Elder William R. Walker was born May 25, 1944, to J. Harris and Beth Russell Walker. He was raised in Raymond, Alberta, Canada. Like Nephi, he was born "of goodly parents." As a young boy in the small Latter-day Saint community of Raymond, Alberta, Canada, William Walker often visited the nearby home of his grandparents. There, hanging on the wall, was a picture of the First Presidency.
I can still remember that image. It had a profound influence on me during those early years. I grew up loving the leaders of the Church. Both Elder and Sister Walker say they were blessed to grow up in strong LDS families. The Canadian farm town of Raymond was home for Elder Walker, where his father was a physician. Sister Walker grew up in Provo, Utah.
Their respective fathers had known each other while attending Brigham Young University (J. Harris Walker was on BYU's track team, while Sister Walker's father, Harold Earl Van Wagenen, was a collegiate swimmer.) But young William and Vicki did not meet until they were both members of the same BYU student ward following Elder Walker's missionary service in Japan. Soon they were dating.
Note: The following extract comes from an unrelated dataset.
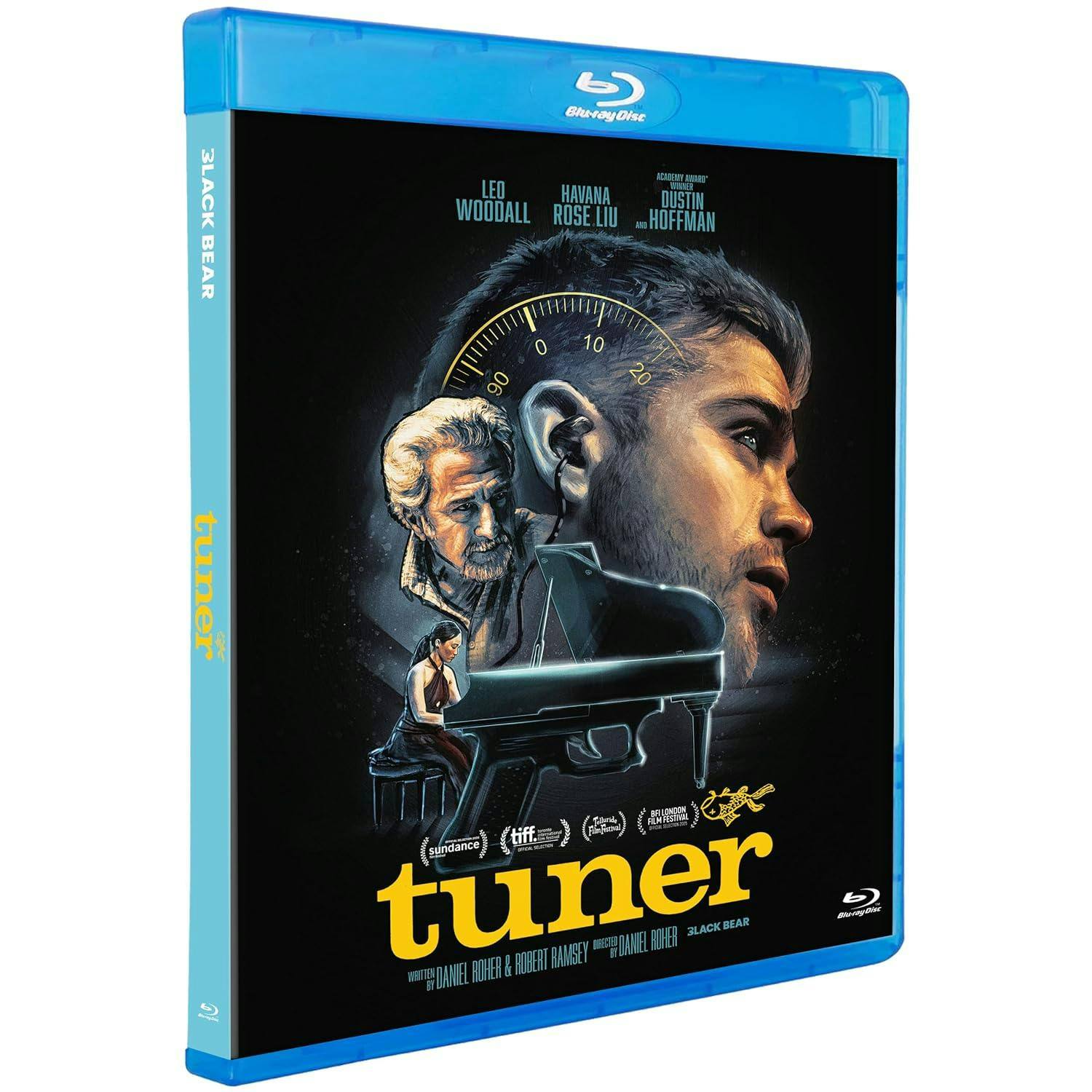 Angle. Tuner   - BLU-RAY.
Sister Walker remembers thinking her young suitor was too good to be true. He was friendly, modest, handsome, serious about living gospel principles and "a great dancer."
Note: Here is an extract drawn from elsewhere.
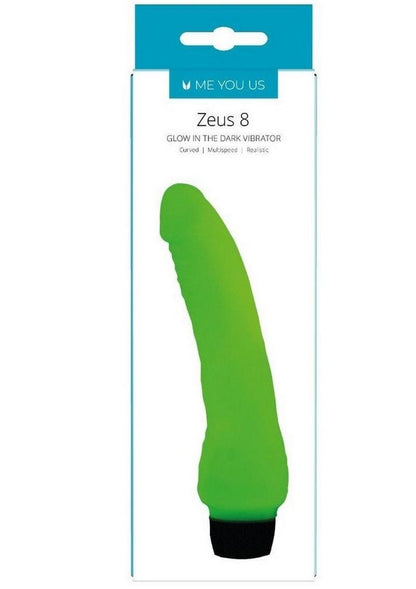 ME YOU US Zeus 8 Glow In The Dark Realistic Vibrator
Six months after meeting, the two were married in the Salt Lake Temple. They would became the parents of five children.
Elder Walker soon graduated from BYU (Sister Walker had finished a few years earlier) and took his international relations degree to Montreal to train to be a stock broker. The Walkers would later call Vancouver, Canada; Illinois; Georgia; and northern California home while Elder Walker developed his business career. Finally, the Walkers decided to settle in Salt Lake City. After much prayer, the family decided Utah would be their permanent home.
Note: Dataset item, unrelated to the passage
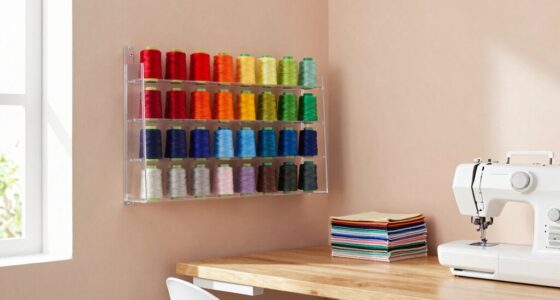 efficient sewing thread storage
Those long-term living plans took a three-year detour in 1990 when Elder Walker was called to preside over the Japan Tokyo South Mission. His return to the Asian mission field gave the Walkers a chance to grow closer together while influencing the lives of hundreds of young missionaries and their investigators. After their many business-related moves and full-time missionary service, Elder Walker says he's grown to appreciate his wife's love, grit and stamina. It reflects her pioneer heritage, he adds.
"She was the best mission mom in the world and she's the best grandma in the world but I'm not biased," he said, laughing.
Elder William R. Walker and his family learned their way around moving boxes and packaging tape. Business opportunities and job transfers meant the Walkers spent a good chunk of their professional lives either recovering from or preparing for another business move.
It was perhaps not the ideal life for every LDS family but for them, it was a blessing. Friends and mailing addresses could change, but the Walker parents and children learned they were there for each other. Love and loyalty were constants.
"When we moved to a different place. . . it made us closer," said Elder Walker.
After their many business moves and his service in Japan, the Walkers were back home in the states, when Elder Walker, 57, serving as president of the Sandy Utah Cottonwood Creek Stake, was called to the Second Quorum of the Seventy. At the time of his call, he was a member of the board of directors and chairman of the investment committee for Beneficial Life Insurance Company.
A self-proclaimed "mad gardener," Elder Walker relaxes in his backyard tending to his flowers and fruit trees. His neighbors are often the beneficiaries of his green thumb.
"I love to go out, pull weeds, dig in the dirt and plant and nurture my fruit trees," he said.
He also found an affinity for family history research and fills his library with the biographies and writings of LDS prophets and Church leaders.